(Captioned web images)
------------------------
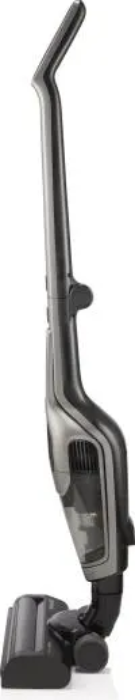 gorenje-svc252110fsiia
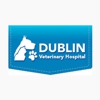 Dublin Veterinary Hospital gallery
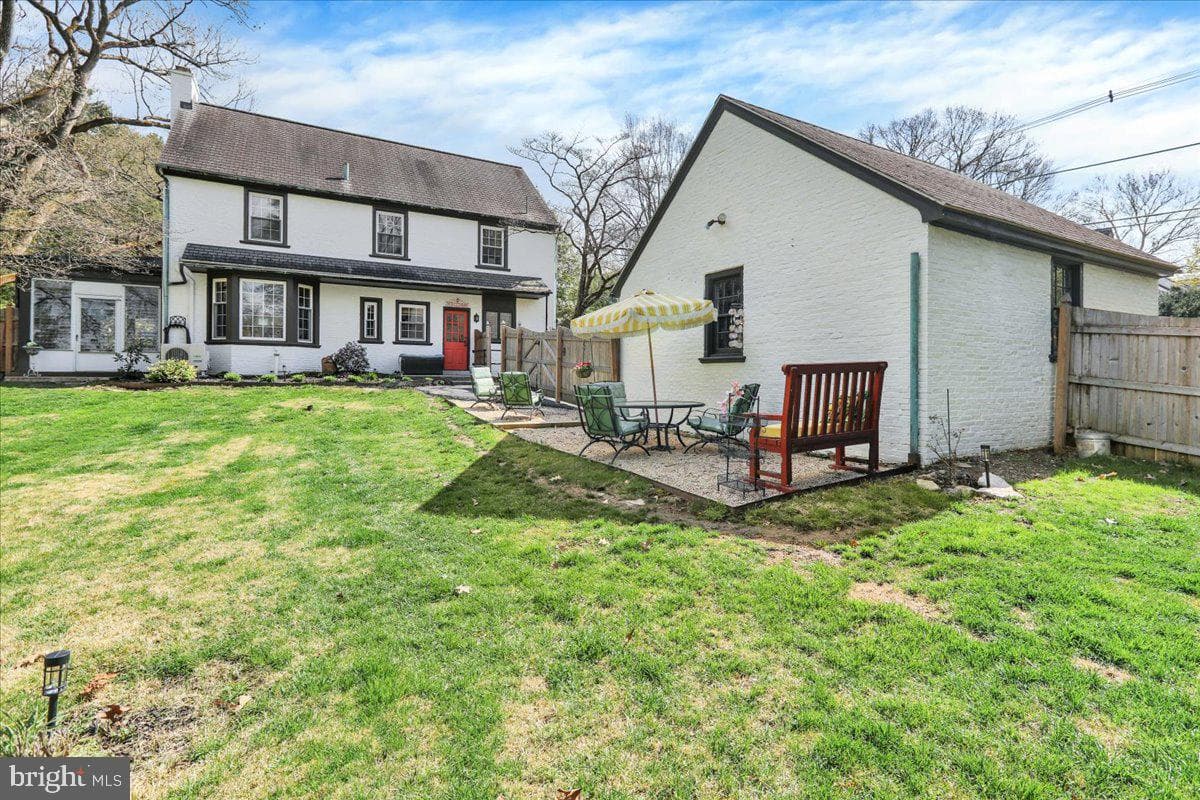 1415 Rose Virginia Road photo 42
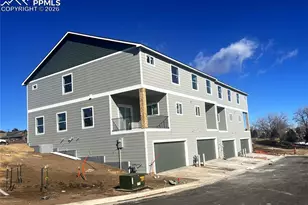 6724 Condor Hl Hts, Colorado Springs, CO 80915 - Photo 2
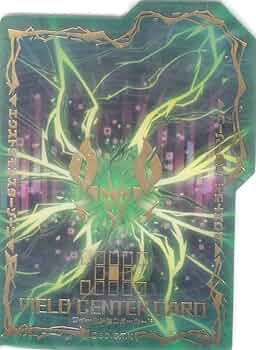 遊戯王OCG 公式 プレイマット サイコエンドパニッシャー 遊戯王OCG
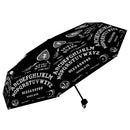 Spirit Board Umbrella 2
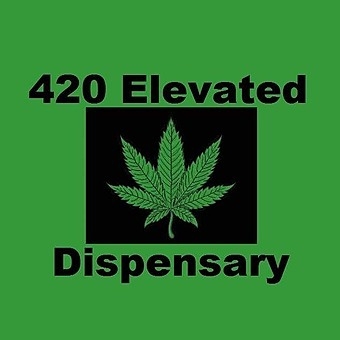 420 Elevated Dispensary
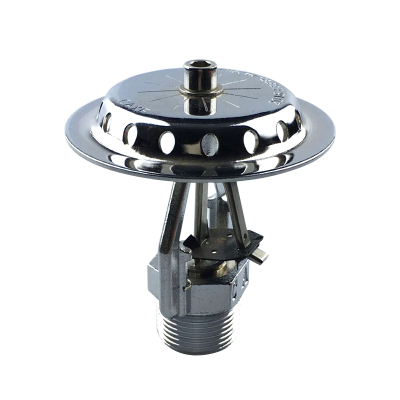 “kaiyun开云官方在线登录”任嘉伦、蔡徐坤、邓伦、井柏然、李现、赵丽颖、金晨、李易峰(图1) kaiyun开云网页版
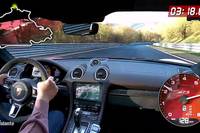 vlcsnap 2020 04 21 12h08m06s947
------------------------
**Task description**
Without copying any picture, repeat all of the entries exactly.

**Exercise response**
 gorenje-svc252110fsiia
 Dublin Veterinary Hospital gallery
 1415 Rose Virginia Road photo 42
 6724 Condor Hl Hts, Colorado Springs, CO 80915 - Photo 2
 遊戯王OCG 公式 プレイマット サイコエンドパニッシャー 遊戯王OCG
 Spirit Board Umbrella 2
 420 Elevated Dispensary
 “kaiyun开云官方在线登录”任嘉伦、蔡徐坤、邓伦、井柏然、李现、赵丽颖、金晨、李易峰(图1) kaiyun开云网页版
 vlcsnap 2020 04 21 12h08m06s947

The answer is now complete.